2025 has been a year of quantum computing advances, finds Satyen K. Bordoloi as he profiles the companies and nations trying to figure out whether Schrodinger’s cat is alive, or not.
Somewhere in a New York lab, a supercooled chip shivers at a frosty 15 millikelvin – cooler than the void between galaxies. At a Parisian startup, a theoretical cat – dead and alive at the same time – is being pitted against the universe’s love of chaos. It is the end of 2025, and the scramble for quantum supremacy has evolved from a niche academic pursuit into a high-stakes, multi-billion-dollar global poker game not unlike those that have led others to fear an AI bubble. And this table is filled with players who, at best, are geniuses and visionaries, and, at worst, extremely effective salespeople.

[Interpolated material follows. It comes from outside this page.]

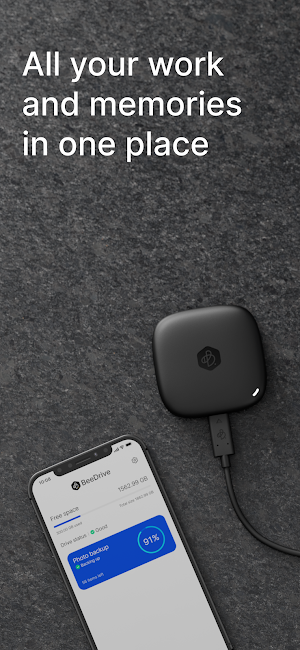 BeeDrive Screenshot 0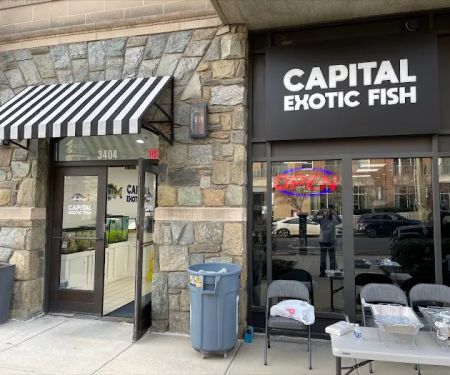 Capital Exotic Fish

So, as 2025 ends, I tried to dig deep, cut through the quantum fog, and put aside all “superposition” and “entanglement” jargon for a moment. Because the excitement in the field is about who can first build a box so powerful it could guess all your passwords before water heats in your geyser, or that could come up with a lifesaving drug over a lazy weekend, or run global shipping lanes that save billions. This race is part Cold War-style national strategy, part breakneck Silicon Valley innovation, mixed with a sprinkle of academic rivalry to raise Einstein’s eyebrows.

How Many Qubits Does A Firm Need
That’s the question Tolstoy would have asked IBM and Google because at the top of the quantum pyramid sits IBM, kingpin of the quantum universe, with its “Quantum System Two” running in a New York data centre and a public roadmap that reads like a sci-fi novel. IBM, learning lessons from its past, when it missed quite a few tech revolutions, isn’t content to play Schrodinger’s cat. No. This time around, it is writing the rulebook. Its 1,121-qubit Condor chip may sound impressive, but the real magic lies in its modular Kookaburra system, a 4,158-qubit behemoth scheduled for when this article is being written, i.e. end-2025, but isn’t out yet. Its key drive is to address that one issue that haunts every quantum computing system: errors. IBM’s long-term vision? A 100,000-qubit machine by 2033.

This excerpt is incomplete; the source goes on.